Following the link to the codon table we see that each codon is paired up with one aminoacid. We clearly have pairs of things that belong together; maybe a dictionary would be a natural way of saving this information.

But if it's a dictionary, what are the values and what are the keys?

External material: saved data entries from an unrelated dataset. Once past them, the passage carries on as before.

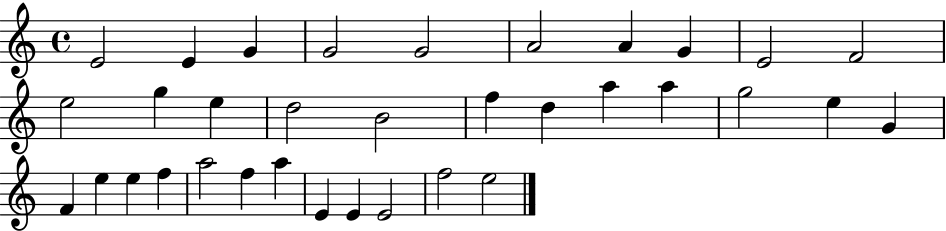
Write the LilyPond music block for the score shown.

{
  \clef treble
  \time 4/4
  \defaultTimeSignature
  \key c \major
  e'2 e'4 g'4 | g'2 g'2 | a'2 a'4 g'4 | e'2 f'2 | \break e''2 g''4 e''4 | d''2 b'2 | f''4 d''4 a''4 a''4 | g''2 e''4 g'4 | \break f'4 e''4 e''4 f''4 | a''2 f''4 a''4 | e'4 e'4 e'2 | f''2 e''2 | \break \bar "|."
}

We know from the definition of dictionaries that the keys have to be unique. Each aminoacid can be encoded by multiple codons, but each codon encodes exactly one aminoacid. Therefore, the keys should be codons, and the values aminoacids.

We can copy the codon table from the exercise, but we need to be careful: this dictionary assigns an one-letter aminoacid to each codon. This means that the stop codons will need to be handled in a special manner, since "Stop" is a four-letter word, breaking the symmetry of the rest of the table. We will leave them like that for now, but may need to revisit this later.

In [8]:
codons = {
    "UUU": "F", "CUU": "L", "AUU": "I", "GUU": "V",
    "UUC": "F", "CUC": "L", "AUC": "I", "GUC": "V",
    "UUA": "L", "CUA": "L", "AUA": "I", "GUA": "V",
    "UUG": "L", "CUG": "L", "AUG": "M", "GUG": "V",
    "UCU": "S", "CCU": "P", "ACU": "T", "GCU": "A",
    "UCC": "S", "CCC": "P", "ACC": "T", "GCC": "A",
    "UCA": "S", "CCA": "P", "ACA": "T", "GCA": "A",
    "UCG": "S", "CCG": "P", "ACG": "T", "GCG": "A",
    "UAU": "Y", "CAU": "H", "AAU": "N", "GAU": "D",
    "UAC": "Y", "CAC": "H", "AAC": "N", "GAC": "D",
    "UAA": "Stop", "CAA": "Q", "AAA": "K", "GAA": "E",
    "UAG": "Stop", "CAG": "Q", "AAG": "K", "GAG": "E",
    "UGU": "C", "CGU": "R", "AGU": "S", "GGU": "G",
    "UGC": "C", "CGC": "R", "AGC": "S", "GGC": "G",
    "UGA": "Stop", "CGA": "R", "AGA": "R", "GGA": "G",
    "UGG": "W", "CGG": "R", "AGG": "R", "GGG": "G"
}

Now we can simply go through our codons and write out the correct aminoacid for each codon!

In [9]:
for i in range(0, len(s), 3):
    codon = s[i:i+3]
    aminoacid = codons[codon]
    print(aminoacid)

M
A
M
A
P
R
T
E
I
N
S
T
R
I
N
G
Stop


We could try making this into a word, but the "Stop" at the end will mess things up. Maybe we should check for this somehow.

In [10]:
peptide = ""
for i in range(0, len(s), 3):
    codon = s[i:i+3]
    aminoacid = codons[codon]
    if aminoacid != "Stop":
        peptide = peptide + aminoacid
print(peptide)

MAMAPRTEINSTRING


We're done!

Please note: this approach will not stop reading an RNA string if a stop codon is seen; it will continue until there is no more sequence to parse.